Other songs that stick out are the ones where they flex their creative muscles to the fullest extent. They modify “Ultraviolence” from the celebrated Power, Corruption & Lies pretty drastically, but reserve its gripping sonic struggle between its more machine-like and human tendencies. There’s also a heavier emphasis on guitar and bass while the original relied on Stephen Morris’ primitive drumming style.

Pretty in Pink soundtrack cut “Shellshock” is another reimagined track that will test the limits of those who clung to the minimalism of the original. The fleshed-out synths stretch and crumple as New Order masterfully accentuates the contrast between the videogame-like synths, swift piano riffs and heart-rending strings.

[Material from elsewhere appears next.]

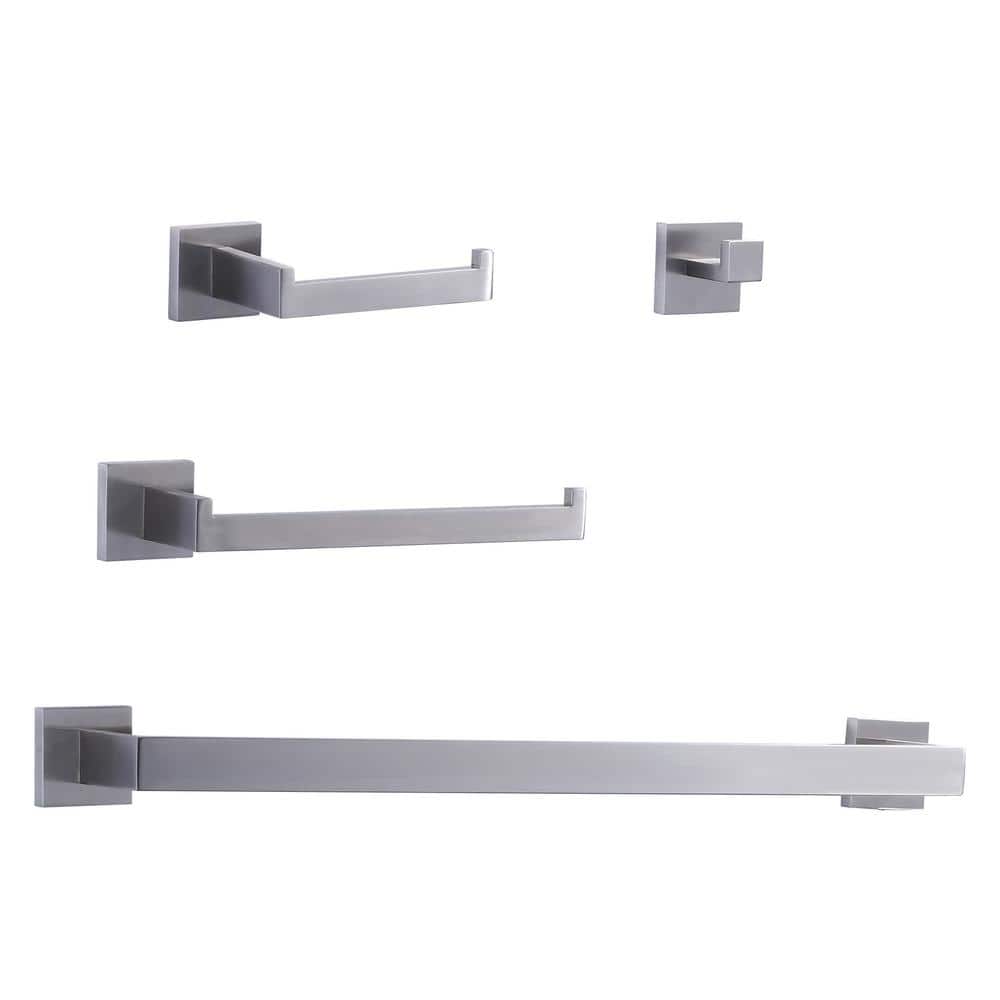 Electroplated Zinc Alloy Robe Hook Bathroom Hardware Accessory Set: Brushed  Nickel Towel Bar Set, 5 Pieces Sus304 Stainless Steel Wall Mounted 24 In  Towel Holder Set For Bathroom Bathroom Hardware Set Satin Nickel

Even without the striking visuals, it feels like this performance is rippling through multiple dimensions. Its aesthetic devotion to sharp lines and spiraling motifs can be found throughout. Above all, this is an album full of intention. The way it toggles between the dreamy, the rave-y, the interstellar and the mathematical is what makes it uniquely transcendent. It’s not the kind of raw live album that gives you goosebumps from the roar of a stadium crowd or one where you can feel the sweat dripping off the musicians. It’s much more smooth and meticulously crafted, but it still retains an electricity that makes live albums so enticing. It’s so easy to get locked into the pulsing grooves and club beats on “this weird New Order live album” (which is likely how you’ll refer to it) that you won’t even realize songs like “Age of Consent” or “Blue Monday” are missing.